634.1 Applicability.
This chapter shall apply only to trusts which are private foundations as defined in section 509 of the Internal Revenue Code, charitable trusts as described in section 4947(a) (1) of the Internal Revenue Code, or split-interest trusts as described in section 4947(a) (2) of the Internal Revenue Code. With respect to any such trust created after December 31, 1969, this chapter shall apply from such trust's creation. With respect to any such trust created before January 1, 1970, this chapter shall apply only to such trust's federal taxable years beginning after December 31, 1971.
634.2 Statutory provisions as part of the trust.
The trust instrument of each trust to which this chapter applies shall be deemed to contain provisions prohibiting the trustee from:
1. Engaging in any act of self-dealing, as defined in section 4941(d) of the Internal Revenue Code, which would give rise to any liability for the tax imposed by section 4941(a) of the Internal Revenue Code;
2. Retaining any excess business holdings, as defined in section 4943(c) of the Internal Revenue Code, which would give rise to any liability for the tax imposed by section 4943(a) of the Internal Revenue Code;
3. Making any investments which would jeopardize the carrying out of any of the exempt purposes of the trust, within the meaning of section 4944 of the Internal Revenue Code, so as to give rise to any liability for the tax imposed by section 4944(a) of the Internal Revenue Code; and
4. Making any taxable expenditures, as defined in section 4945(d) of the Internal Revenue Code, which would give rise to any liability for the tax imposed by section 4945(a) of the Internal Revenue Code.
However, this section shall not apply either to those split-interest trusts or to amounts thereof which are not subject to the prohibitions applicable to private foundations by reason of the provisions of section 4947 of the Internal Revenue Code.
634.3 Distribution to avoid tax liability.
The trust instrument of each trust to which this chapter applies, except split-interest trusts, shall be deemed to contain a provision requiring the trustee to distribute for the purposes specified in the trust instrument for each taxable year of the trust amounts at least sufficient to avoid liability for the tax imposed by section 4942(a) of the Internal Revenue Code.
634.4 Limitations.
Nothing in this chapter shall impair the rights and powers of the courts or the attorney general of this state with respect to any trust.

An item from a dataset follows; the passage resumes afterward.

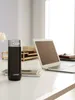 A black Contigo travel mug sits on a desk next to a laptop and notebooks. Anteprima dell’immagine prodotto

634.5 Internal Revenue Code defined.
All references to sections of the Internal Revenue Code mean the Internal Revenue Code as defined in section 422.3.
634.6 Statutory exception in trust.
Nothing in this chapter shall limit the power of a person who creates a trust after July 1, 1971, or the power of a person who has retained or has been granted the right to amend a trust created before July 1, 1971, to include a specific provision in the trust instrument or an amendment to the trust instrument as the case may be, which provides that some or all of the provisions of sections 634.2 and 634.3 shall have no application to such trust.
634.7 Public grants by private foundations or trusts.
A grant, by a trust organized and funded prior to January 1, 1992, to which this chapter applies, to the state of Iowa, or a political subdivision, or agency of the state or political subdivision, for purposes of economic development, shall be regarded as a charitable contribution if made prior to January 1, 1994.